## Exercise prompt
Transcribe all the records exactly and omit any images they hold.
====== Materials provided
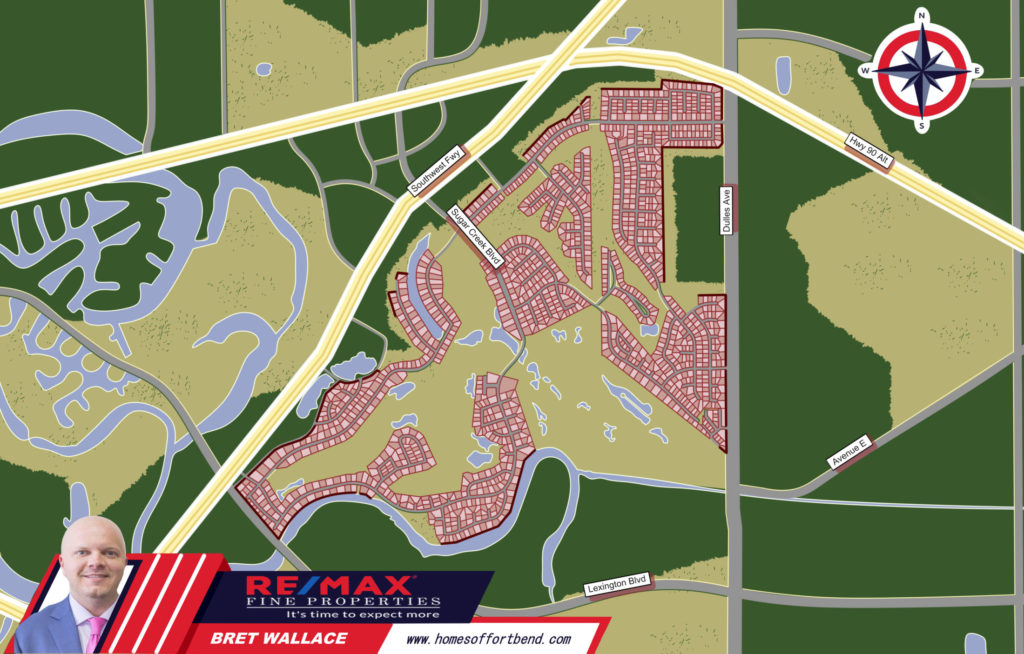 This is the custom made map inforgraphics for the community guide on homes for sale sugar creek sugar land tx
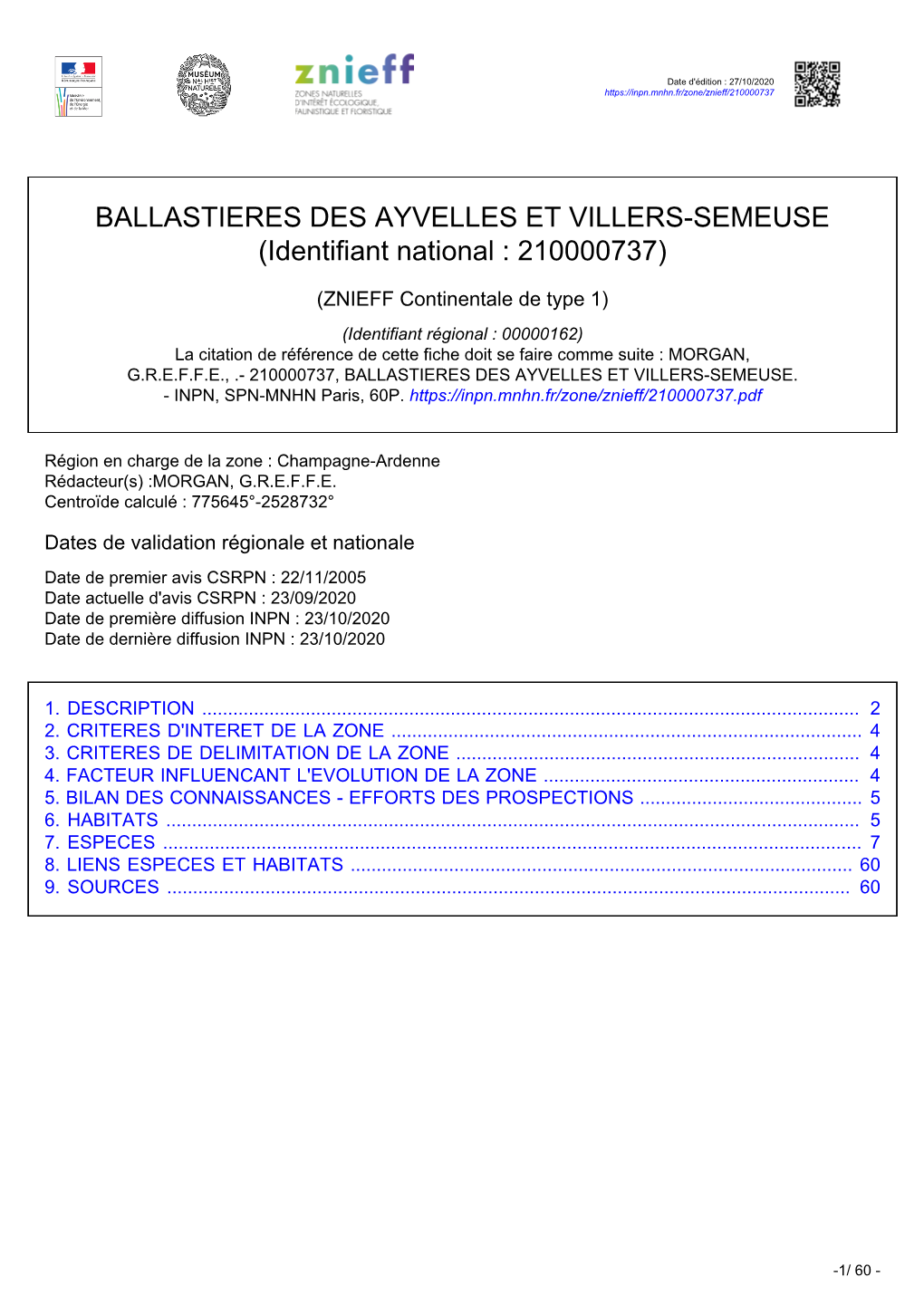 BALLASTIERES DES AYVELLES ET VILLERS-SEMEUSE (Identifiant National : 210000737)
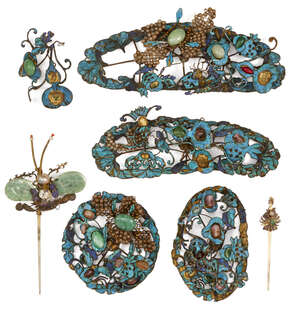
	
		A Collection of Chinese white metal and kingfisher hair ornaments, Qing dynasty, to...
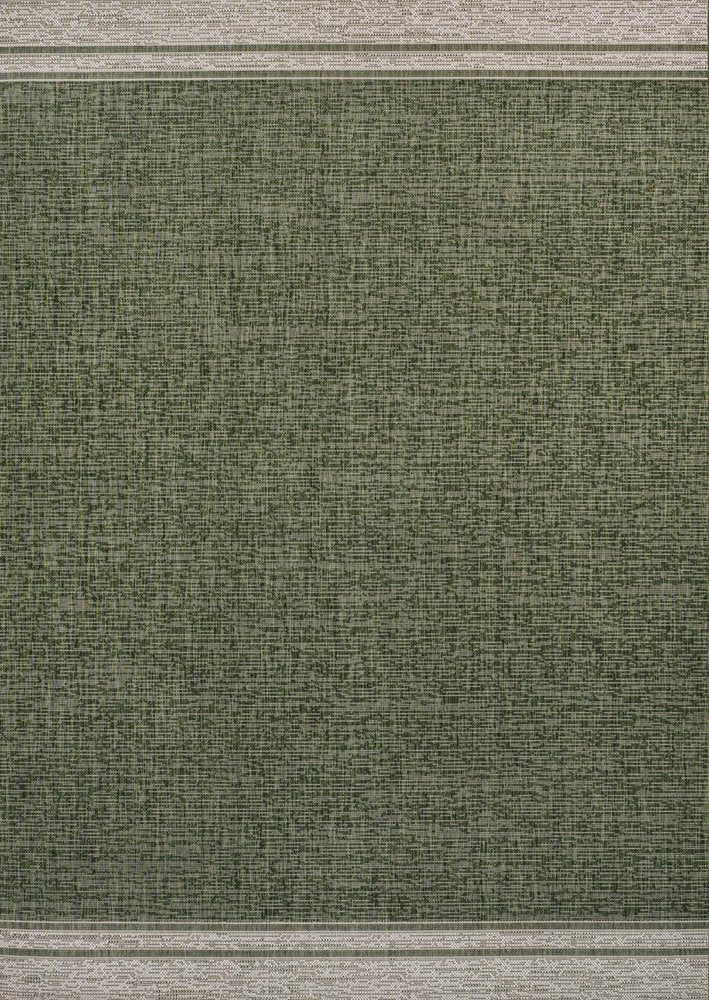 3' X 5' Green And Cream Indoor Outdoor Area Rug — view 1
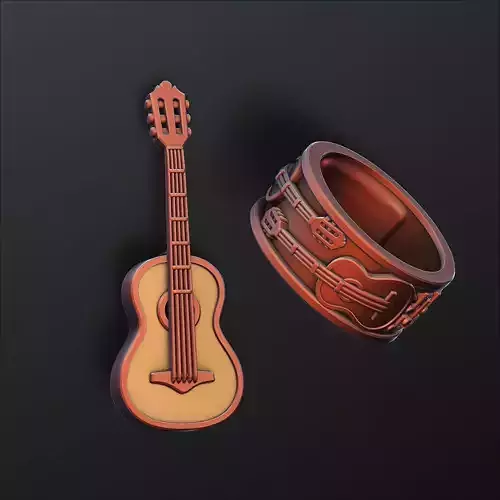 Classic Guitar Pendant Ring Collection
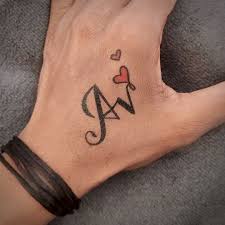 Letter A V tattoo for Couples ❤️🫰 #tattooideas #tattoodesign #tattooartist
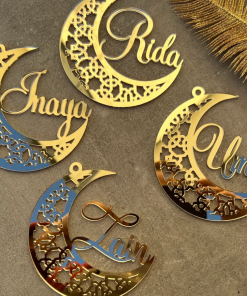 Alternative view of Personalized Ramadan Moon Decoration-5 pieces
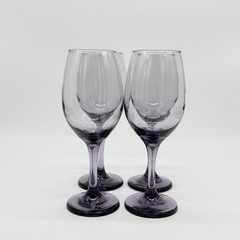 Libbey Premier Plum Pink Rose Purple 7.25″ Stemmed Wine Glass Hand Blown 8oz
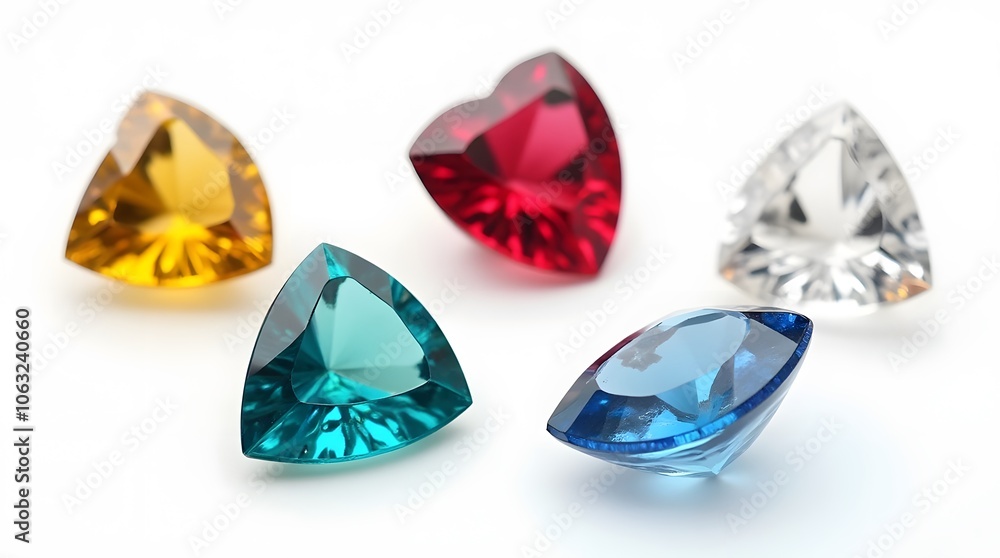 Colorful Gemstones on White Background Colorful Gemstones on White Background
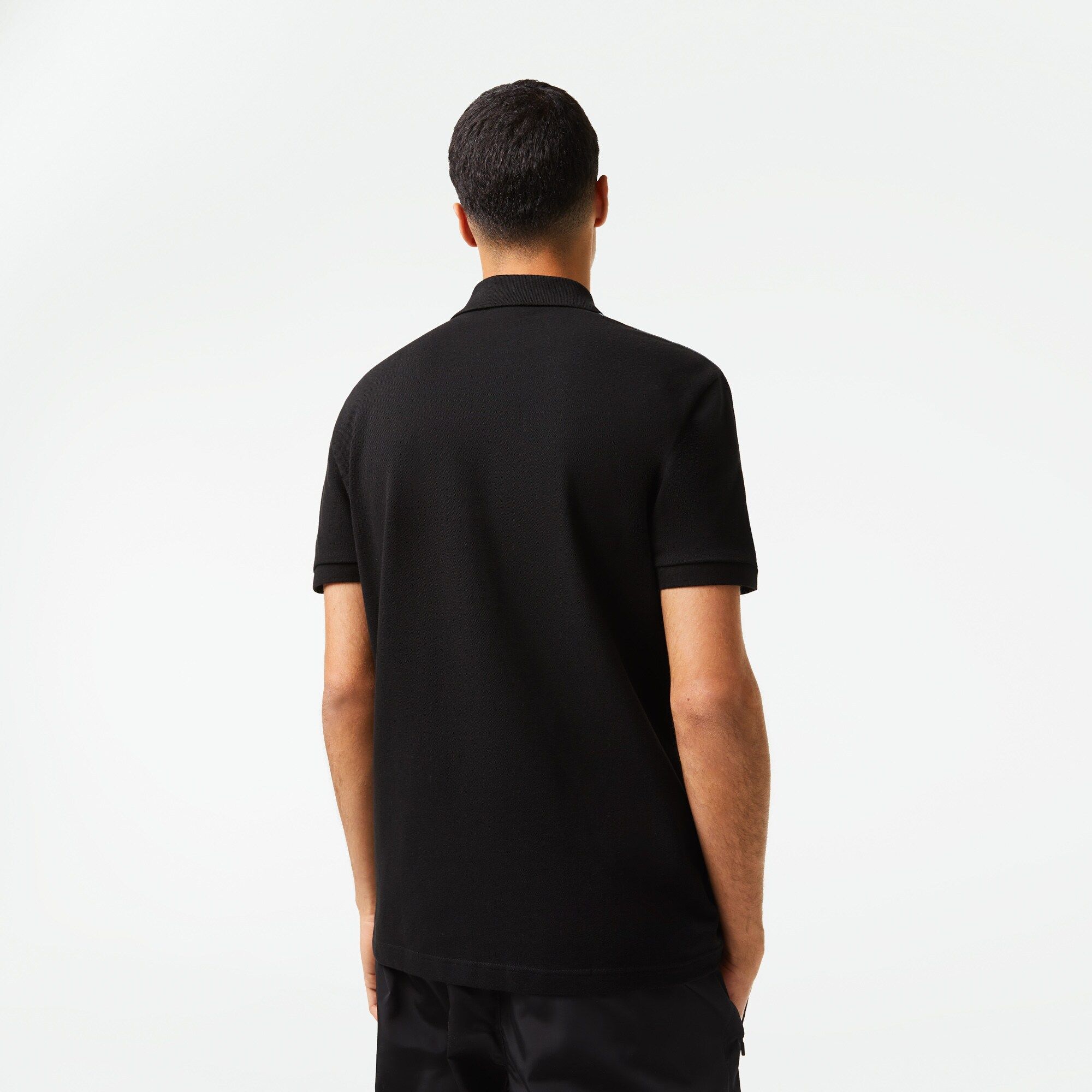  Lacoste Logo Stripe Piqué Polo Shirt - Black 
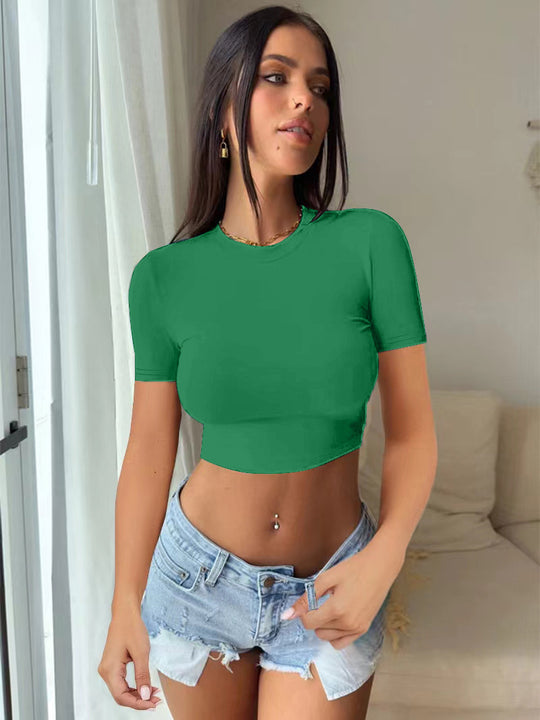 Damen elegantes langärmliges Crop-Top aus hautfreundlichem Material R&B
============
## Answer box
 This is the custom made map inforgraphics for the community guide on homes for sale sugar creek sugar land tx
 BALLASTIERES DES AYVELLES ET VILLERS-SEMEUSE (Identifiant National : 210000737)
	
		A Collection of Chinese white metal and kingfisher hair ornaments, Qing dynasty, to...
 3' X 5' Green And Cream Indoor Outdoor Area Rug — view 1
 Classic Guitar Pendant Ring Collection
 Letter A V tattoo for Couples ❤️🫰 #tattooideas #tattoodesign #tattooartist
 Alternative view of Personalized Ramadan Moon Decoration-5 pieces
 Libbey Premier Plum Pink Rose Purple 7.25″ Stemmed Wine Glass Hand Blown 8oz
 Colorful Gemstones on White Background Colorful Gemstones on White Background
  Lacoste Logo Stripe Piqué Polo Shirt - Black 
 Damen elegantes langärmliges Crop-Top aus hautfreundlichem Material R&B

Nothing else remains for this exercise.